The open source Git project just released Git 2.52 with features and bug fixes from over 94 contributors, 33 of them new. We last caught up with you on the latest in Git back when 2.51 was released.
To celebrate this most recent release, here is GitHub’s look at some of the most interesting features and changes introduced since last time.
Tree-level blame information
If you’re a seasoned Git user, then you are no doubt familiar with git blame, Git’s tool for figuring out which commit most recently modified each line at a given filepath. Git’s blame functionality is great for figuring out when a bug was introduced, or why some code was written the way it was.
If you want to know which commit last modified any portion of a given filepath, that’s easy enough to do with git log -1 -- path/to/my/file, since -1 will give us only the first commit which modifies that path. But what if instead you want to know which commit most recently modified every file in some directory? Answering that question may seem contrived, but it’s not.

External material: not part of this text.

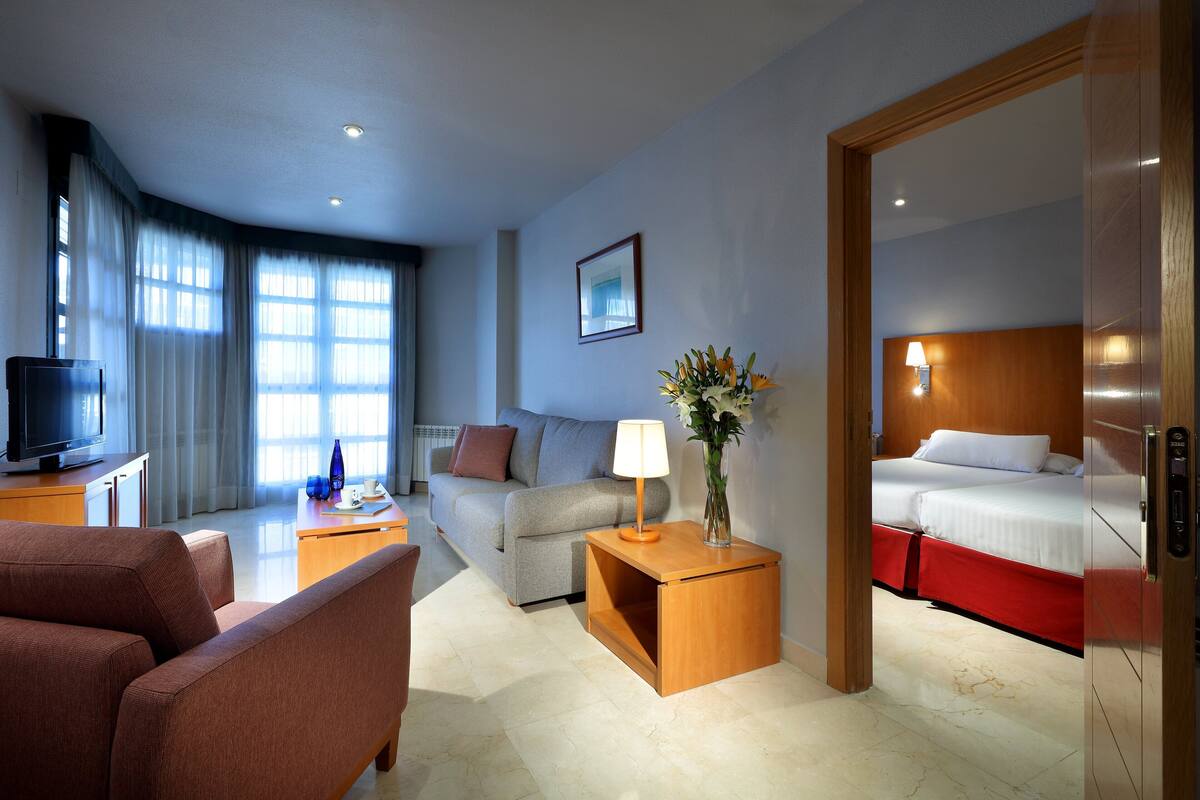 Habitación de hotel con sofá, una pequeña mesa con lámpara, televisor, cama con ropa de cama roja y un espejo.
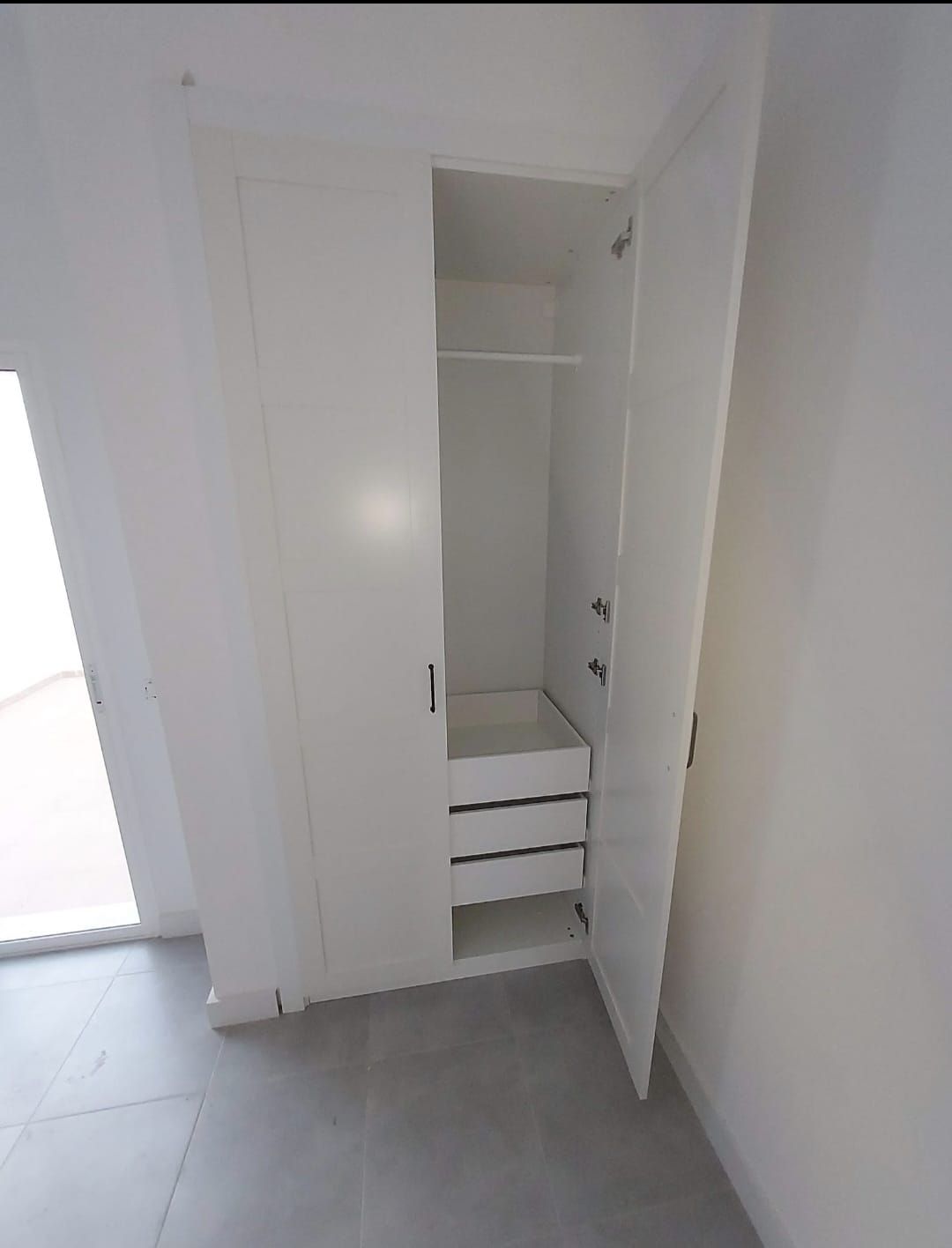 Un armario blanco con la puerta abierta y cajones.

If you’ve ever looked at a repository’s file listing on GitHub, the middle column of information has a link to the commit which most recently modified that path, along with (part of) its commit message.

The question remains: how do we efficiently determine which commit most recently modified each file in a given directory? You could imagine that you might enumerate each tree entry, feeding it to git log -1 and collecting the output there, like so:
$ git ls-tree -z --name-only HEAD^{tree} | xargs -0 -I{} sh -c '
git log -1 --format="$1 %h %s" -- $1
' -- {} | column -t -l3
.cirrus.yml 1e77de10810 ci: update FreeBSD image to 14.3
.clang-format 37215410730 clang-format: exclude control macros from SpaceBeforeParens
.editorconfig c84209a0529 editorconfig: add .bash extension
.gitattributes d3b58320923 merge-file doc: set conflict-marker-size attribute
.github 5db9d35a28f Merge branch 'js/ci-github-actions-update'
[...]
That works, but not efficiently. To see why, consider a case with files A, B, and C introduced by commits C1, C2, and C3, respectively. To blame A, we walk from C3 back to C1 in order to determine that C1 was the most recent commit to modify A. That traversal passed through C2 and C3, but since we were only looking for modifications to A, we’ll end up revisiting those commits when trying to blame B and C. In this example, we visit those three commits six times in total, which is twice the necessary number of history traversals.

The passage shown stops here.